The records that follow are to be given again exactly. Do not carry over any image.
━━━ Given records ━━━
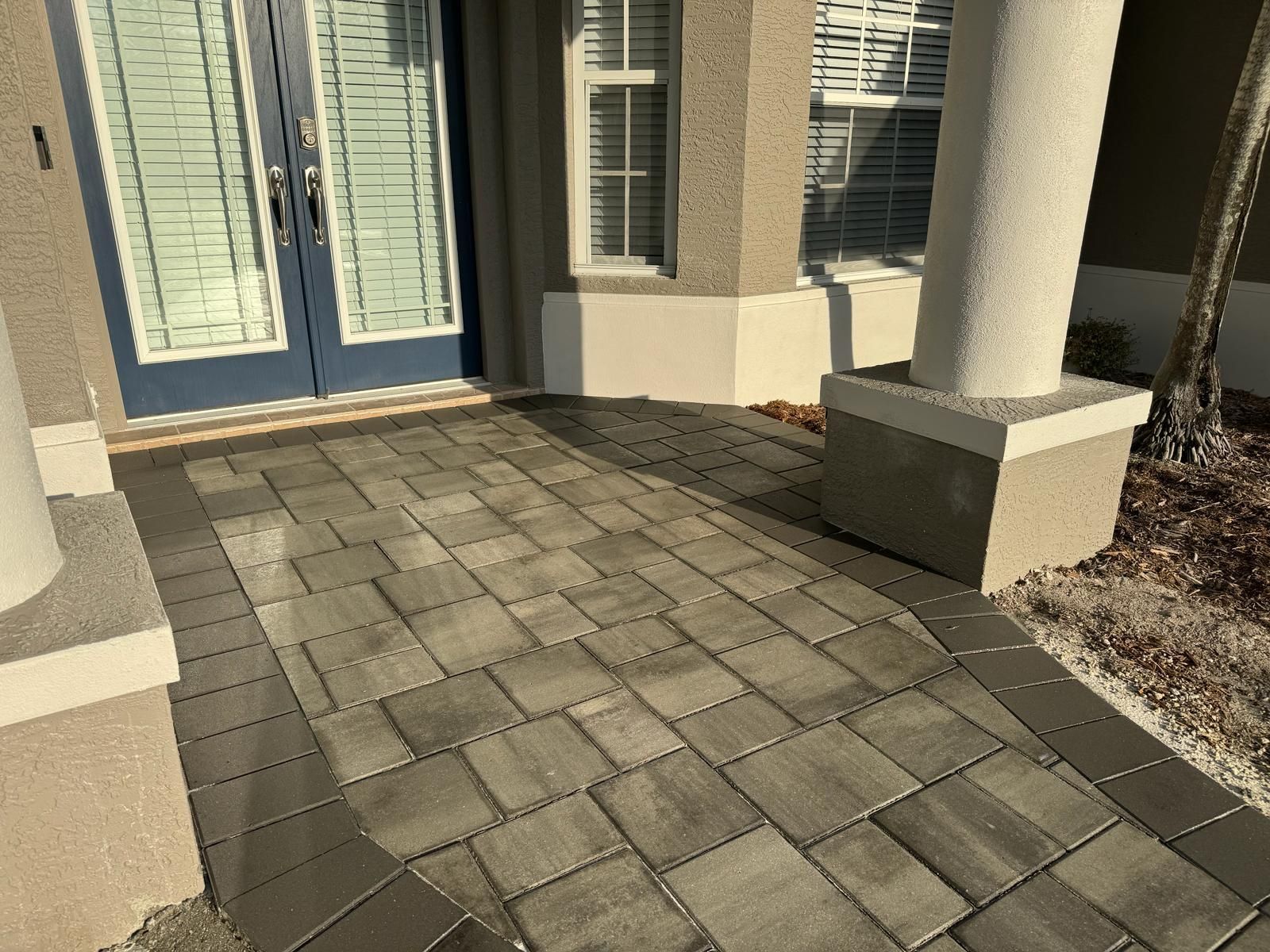 Front porch with blue double doors, stone paver walkway, and white columns by a house entrance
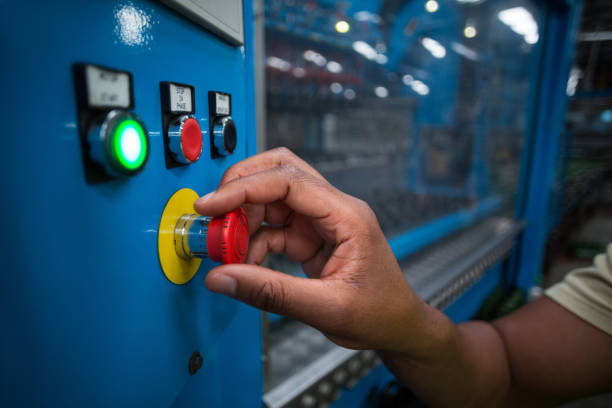 istock Hands of factory worker turning the control knob on the board 646980736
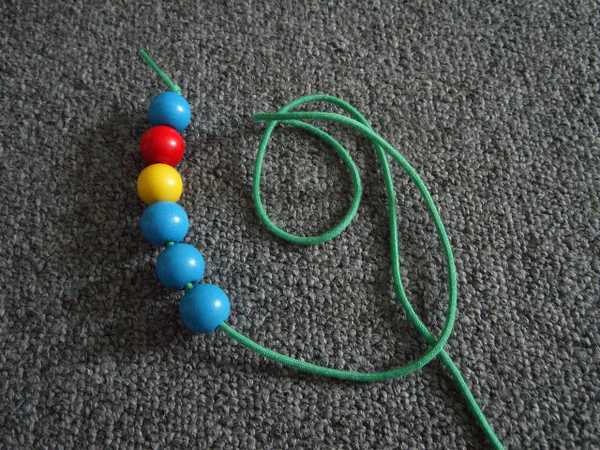 child threading orange beads onto a thin blue string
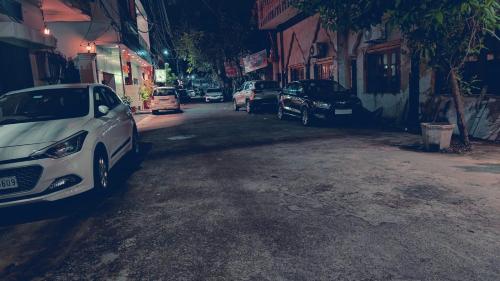 a white car parked on the side of a street at Hotel Pilgrim Near Golden Temple in Amritsar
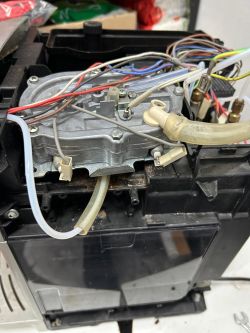 Wnętrze ekspresu do kawy Delonghi z widoczną grzałką i przewodami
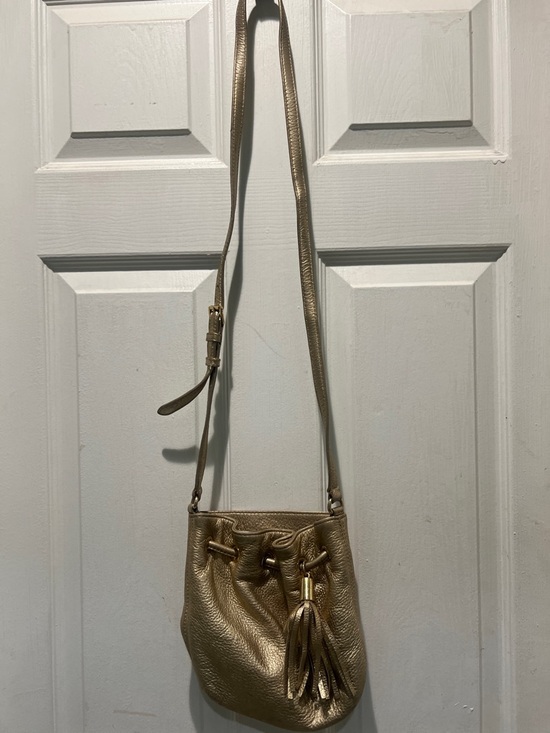 Michael Kors Handbags - Michael Kors Gold Metallic Leather Drawstring Crossbody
━━━
Response to the exercise
 Front porch with blue double doors, stone paver walkway, and white columns by a house entrance
 istock Hands of factory worker turning the control knob on the board 646980736
 child threading orange beads onto a thin blue string
 a white car parked on the side of a street at Hotel Pilgrim Near Golden Temple in Amritsar
 Wnętrze ekspresu do kawy Delonghi z widoczną grzałką i przewodami
 Michael Kors Handbags - Michael Kors Gold Metallic Leather Drawstring Crossbody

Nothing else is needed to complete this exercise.